Our brains are incredible survival machines. Over millions of years, we’ve evolved a powerful set of mental shortcuts—what we call “common sense”—to help us navigate our world. We instinctively know that a heavy rock will fall, that a thrown spear will arc, and that pushing something makes it move. This “gut physics” is perfect for hunting, gathering, and not walking off cliffs.

The problem is that this built-in intuition is only trained for a very specific, limited set of circumstances: here on the surface of Earth, at “human” speeds, with the all-present friction of air and ground. When we try to apply this same “common sense” to the vast, strange, and beautiful rules of the wider universe—the world of planets, atoms, and the speed of light—it doesn’t just bend; it shatters.

The universe, it turns out, is far more counter-intuitive than our brains are wired to believe.
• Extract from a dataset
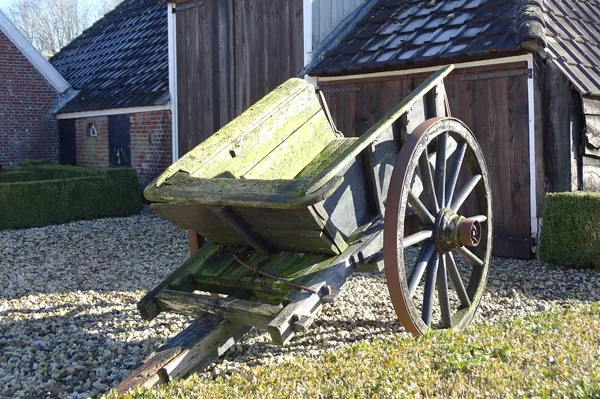 Bij De Kemper in Elsen Herike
Physics is the rulebook that governs everything, and it often contradicts the “rules” we’ve learned just by being alive.

Let’s dive into ten “common sense” science myths and use real physics to see why our gut feeling is so often wrong.


1. Myth: A Bowling Ball Falls Faster Than a Golf Ball

This is the quintessential “common sense” test. A bowling ball is significantly heavier than a golf ball. Our intuition, trained by watching leaves and feathers flutter to the ground, tells us that the heavier object will obviously hit the ground first. It has more “weight” pulling it down, right?

How We Know It’s Wrong: This myth is only “true” because of air resistance. A feather falls slowly because the air pushes up on its large, light surface. But what if you remove the air? This is exactly what astronaut David Scott did on the Moon during the Apollo 15 mission. He held out a hammer and a feather and dropped them at the same time. In the vacuum of the lunar “air,” they fell in perfect sync, hitting the dust at the exact same instant.

This elegant experiment proved what Galileo Galilei theorized centuries earlier: The acceleration due to gravity is the same for all objects, regardless of their mass. Gravity (g) pulls on the bowling ball with more force, but that ball also has more inertia (resistance to moving). These two effects perfectly cancel each other out, so they accelerate downwards at the exact same rate (9.8m/s2 on Earth). Your “common sense” isn’t wrong about the feather, but it’s mistaking the effects of air friction for the effects of gravity.

2. Myth: Astronauts Float Because There is “Zero Gravity” in Space

We’ve all seen the footage: astronauts on the International Space Station (ISS) drifting weightlessly, a pen floating beside them. The “common sense” conclusion is that they’ve escaped Earth’s pull and are in a magical “zero-g” zone.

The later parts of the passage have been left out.